06/19/2025
For : On June 19, 1865, two months after the Confederacy surrendered, Union troops finally arrived in Texas, the westernmost Confederate state, and spread the word there that freedom was the law of the land.
About 70 years later, workers from the Federal Writers' Project arm of the Works Progress Administration started traveling around the U.S. collecting the stories of elderly Americans who still had firsthand accounts of being enslaved. Many of the people who were interviewed were also photographed. The Library has preserved these stories and images.
This photograph is of Sarah Gudger, who said she was 121 years old when she was interviewed in 1937. During her interview, she recalled the backbreaking labor she endured, enslaved families being torn apart and the sights and sounds of the war, but she also spoke of a few nice memories, of sneaking out during the night to visit her aunt and eat cornbread, the famed Leonid meteor storm of November 1833, and being told of her freedom.
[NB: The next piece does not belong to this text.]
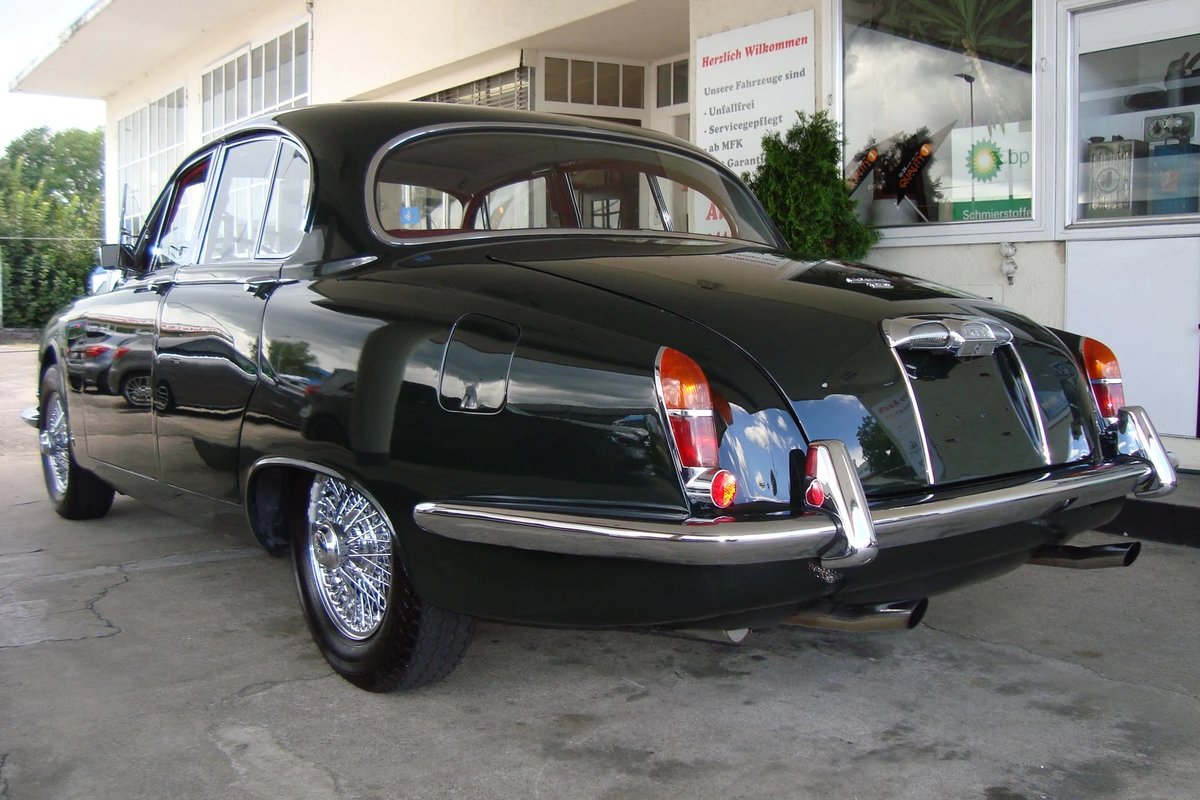 JAGUAR MK 2 3.8 S-Type Veteran, Petrol, Second hand / Used, Manual - 4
Read Sarah's story and others: https://www.loc.gov/collections/slave-narratives-from-the-federal-writers-project-1936-to-1938/about-this-collection/?loclr=fbloc
Image: A portrait of an elderly Black woman, Sarah Gudger, who was reportedly 121 years old at the time the photo was taken to accompany the narrative she shared with the Federal Writers' Project. Her hair is short and white, her hands are in her lap with her fingers laced together and she is looking into the distance, to the left of the camera (her right). Her tattered shawl is safety-pinned together under her neck.